Exercise
An exact copy of all the entries below is what this task needs.

Data supplied
§
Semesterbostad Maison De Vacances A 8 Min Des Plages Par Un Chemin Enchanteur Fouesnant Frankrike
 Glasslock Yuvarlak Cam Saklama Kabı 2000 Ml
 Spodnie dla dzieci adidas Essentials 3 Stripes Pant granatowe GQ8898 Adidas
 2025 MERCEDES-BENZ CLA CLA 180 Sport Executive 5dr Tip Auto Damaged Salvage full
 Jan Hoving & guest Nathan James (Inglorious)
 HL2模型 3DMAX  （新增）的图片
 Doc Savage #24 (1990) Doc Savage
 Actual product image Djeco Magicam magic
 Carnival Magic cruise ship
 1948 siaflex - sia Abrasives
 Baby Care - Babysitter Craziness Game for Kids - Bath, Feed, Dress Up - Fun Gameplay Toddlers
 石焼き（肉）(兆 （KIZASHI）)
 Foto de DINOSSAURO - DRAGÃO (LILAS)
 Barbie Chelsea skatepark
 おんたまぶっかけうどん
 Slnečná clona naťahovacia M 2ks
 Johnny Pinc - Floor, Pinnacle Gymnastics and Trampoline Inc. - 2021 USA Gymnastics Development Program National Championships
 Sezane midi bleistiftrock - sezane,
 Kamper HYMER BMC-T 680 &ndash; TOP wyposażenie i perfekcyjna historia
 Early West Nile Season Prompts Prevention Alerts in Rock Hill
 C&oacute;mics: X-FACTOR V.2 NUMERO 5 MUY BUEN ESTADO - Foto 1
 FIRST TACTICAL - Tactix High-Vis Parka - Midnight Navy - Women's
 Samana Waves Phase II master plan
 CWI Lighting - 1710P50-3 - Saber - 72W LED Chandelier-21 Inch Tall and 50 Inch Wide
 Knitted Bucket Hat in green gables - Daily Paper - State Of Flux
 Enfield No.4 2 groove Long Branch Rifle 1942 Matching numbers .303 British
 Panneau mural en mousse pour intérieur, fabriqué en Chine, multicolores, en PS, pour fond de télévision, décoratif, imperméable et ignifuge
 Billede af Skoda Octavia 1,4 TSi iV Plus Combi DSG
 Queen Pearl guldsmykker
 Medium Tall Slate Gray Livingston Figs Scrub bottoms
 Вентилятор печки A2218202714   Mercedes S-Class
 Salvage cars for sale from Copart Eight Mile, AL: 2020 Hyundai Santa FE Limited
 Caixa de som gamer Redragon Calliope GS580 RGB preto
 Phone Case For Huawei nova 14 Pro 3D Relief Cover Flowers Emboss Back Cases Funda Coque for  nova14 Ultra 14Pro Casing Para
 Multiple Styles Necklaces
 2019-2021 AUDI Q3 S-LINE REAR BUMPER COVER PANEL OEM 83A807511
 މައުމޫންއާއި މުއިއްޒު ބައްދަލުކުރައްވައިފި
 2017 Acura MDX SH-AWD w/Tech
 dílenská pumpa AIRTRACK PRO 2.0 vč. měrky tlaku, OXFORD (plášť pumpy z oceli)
§
Solution for this task
Semesterbostad Maison De Vacances A 8 Min Des Plages Par Un Chemin Enchanteur Fouesnant Frankrike
 Glasslock Yuvarlak Cam Saklama Kabı 2000 Ml
 Spodnie dla dzieci adidas Essentials 3 Stripes Pant granatowe GQ8898 Adidas
 2025 MERCEDES-BENZ CLA CLA 180 Sport Executive 5dr Tip Auto Damaged Salvage full
 Jan Hoving & guest Nathan James (Inglorious)
 HL2模型 3DMAX  （新增）的图片
 Doc Savage #24 (1990) Doc Savage
 Actual product image Djeco Magicam magic
 Carnival Magic cruise ship
 1948 siaflex - sia Abrasives
 Baby Care - Babysitter Craziness Game for Kids - Bath, Feed, Dress Up - Fun Gameplay Toddlers
 石焼き（肉）(兆 （KIZASHI）)
 Foto de DINOSSAURO - DRAGÃO (LILAS)
 Barbie Chelsea skatepark
 おんたまぶっかけうどん
 Slnečná clona naťahovacia M 2ks
 Johnny Pinc - Floor, Pinnacle Gymnastics and Trampoline Inc. - 2021 USA Gymnastics Development Program National Championships
 Sezane midi bleistiftrock - sezane,
 Kamper HYMER BMC-T 680 &ndash; TOP wyposażenie i perfekcyjna historia
 Early West Nile Season Prompts Prevention Alerts in Rock Hill
 C&oacute;mics: X-FACTOR V.2 NUMERO 5 MUY BUEN ESTADO - Foto 1
 FIRST TACTICAL - Tactix High-Vis Parka - Midnight Navy - Women's
 Samana Waves Phase II master plan
 CWI Lighting - 1710P50-3 - Saber - 72W LED Chandelier-21 Inch Tall and 50 Inch Wide
 Knitted Bucket Hat in green gables - Daily Paper - State Of Flux
 Enfield No.4 2 groove Long Branch Rifle 1942 Matching numbers .303 British
 Panneau mural en mousse pour intérieur, fabriqué en Chine, multicolores, en PS, pour fond de télévision, décoratif, imperméable et ignifuge
 Billede af Skoda Octavia 1,4 TSi iV Plus Combi DSG
 Queen Pearl guldsmykker
 Medium Tall Slate Gray Livingston Figs Scrub bottoms
 Вентилятор печки A2218202714   Mercedes S-Class
 Salvage cars for sale from Copart Eight Mile, AL: 2020 Hyundai Santa FE Limited
 Caixa de som gamer Redragon Calliope GS580 RGB preto
 Phone Case For Huawei nova 14 Pro 3D Relief Cover Flowers Emboss Back Cases Funda Coque for  nova14 Ultra 14Pro Casing Para
 Multiple Styles Necklaces
 2019-2021 AUDI Q3 S-LINE REAR BUMPER COVER PANEL OEM 83A807511
 މައުމޫންއާއި މުއިއްޒު ބައްދަލުކުރައްވައިފި
 2017 Acura MDX SH-AWD w/Tech
 dílenská pumpa AIRTRACK PRO 2.0 vč. měrky tlaku, OXFORD (plášť pumpy z oceli)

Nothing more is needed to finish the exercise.